Program Highlights

Making Meaning Around How Meaning is Made

Program Highlights


How does a teacher help a colleague to articulate what student success would look like? How could a teacher support a colleague to unpack what she does and doesn’t understand about structuring powerful academic discussions in the classroom?  These are the questions that teacher scholar leaders asked themselves at a recent Mills Teacher Scholar Leaders Network meeting on a Saturday in early February.

The Teacher Scholar Leaders Network brings together teacher leaders on a quarterly basis from each of the Mills Teacher Scholars sites for strategic support in how to lead individuals and a team forward in their learning.  The goal of the recent Saturday meeting was to gain clarity on the kinds of conversations that lead to deeper understandings.  The fishbowl activity, led by Channon Jackson of New Highland Academy, resulted in the following key understandings for teacher leaders to support their colleagues in conversations about student learning:

1.    Seize on moments of clarity

2.    Reinforce the agency of the learner

3.    Consider the students’ perspective

Seizing on Moments of Clarity
Through listening to Channon think aloud in the fishbowl, teachers leaders realized that a key role for listeners and teacher leaders is to help a speaker name what they know. Participants noticed that the speaker was able to develop her thinking when the listener seized on moments of clarity and named the clear thinking for the speaker. New Highland teacher scholar leader Aija Simmons explains, “What we want to do as a teacher leader is to give people those nuggets [of understanding] that they surfaced but that we’re not sure that they actually caught that they surfaced.”

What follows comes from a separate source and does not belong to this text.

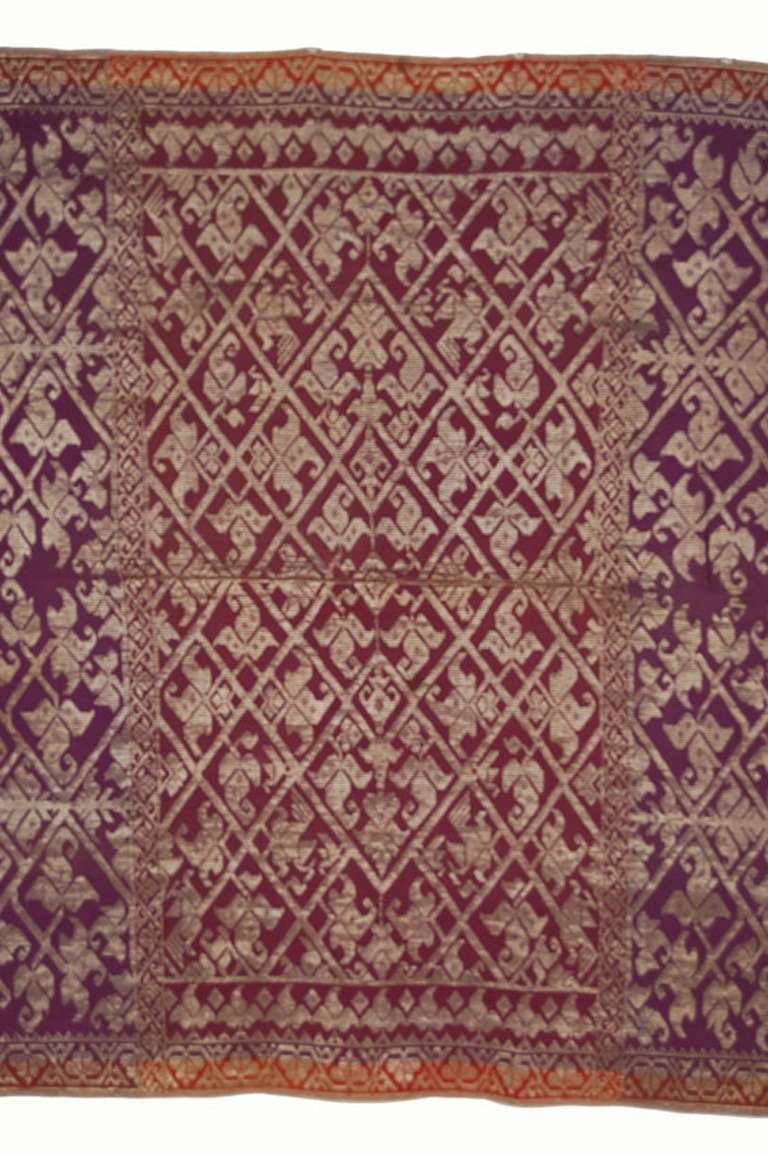 The songket is a form of brocade weaving with metallic thread. It is woven in the islands of Indonesia most affected by Malay and Bugis Islamic immigration. The island of Sumbawa, east of Lombok, has an Islamic mercantile history and its Kre Alang
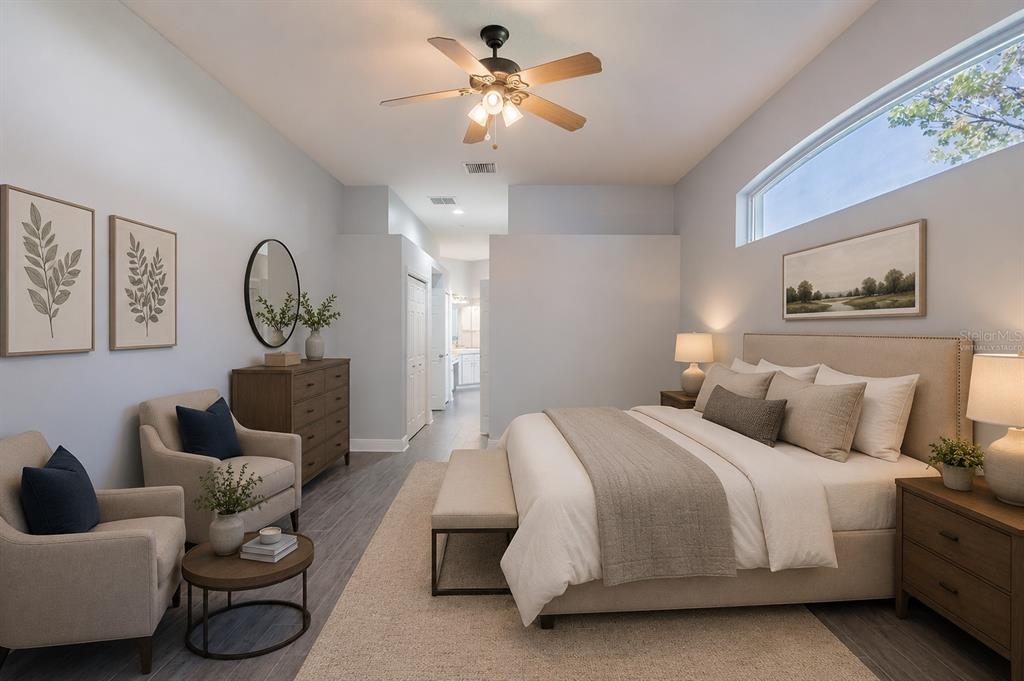 A bedroom with a king bed, two armchairs, a dresser, and a ceiling fan — 4810 WATER LARK WAY, VALRICO, FL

Reinforce the Agency of the Learner
One of the recurring questions that teacher scholars ask themselves is: How do we support a colleague in her/his learning without making them feel defensive or deficient? Kirsti Peters, a RISE teacher scholar leader, pointed out that she assumes that the learner has agency when she is thinking with a colleague, but this truth may not always be clear to the learner. She noted that in the Mills Teacher Scholars’ consultancy protocol the speaker’s task is not to answer all of the questions that the listeners raise. “This is hard to remember [for the speaker] when you are in the process [of a consultancy] because that’s different from a normal conversation. Someone asks you a question and you answer it….It’s different from a normal conversation….This might be where tension comes up for people because if you feel like you have to answer all of these questions, people can feel defensive, like they need to defend their lesson….” Kirsti pointed out that the speaker needed to feel like she could decide which question were relevant to push her thinking forward.

Considering the students’ perspective
Finally, teacher leaders noted that another important part of this collaborative inquiry process is to help the speaker see the student perspective through asking questions such as: “What would the kids understand…?” “I wonder what the implications for the students would be…” Channon Jackson reflected on her experience as the speaker in the fishbowl activity, “The questions that helped me [think about my practice] the most were the ones that made me think from the students’ perspective like ’If you showed this to the kids do you think they would be able to do this?’ or ‘What do you think the kids understand the evidence to be?’ Instead of questions like ‘What is your definition of evidence?’”

Understanding Adult Learning
Well-trained administrators or coaches may receive support to think this carefully about how their interactions with colleagues develop their thinking, but teachers seldom do.  By taking the time to reflect at this level, our teacher scholar leaders have tools to return to their school sites and create communities of practice that are safe, yet professionally challenging. For our teacher scholars, new ideas about their areas of inquiry translate into changed practice, creating rich learning environments for both teachers and students.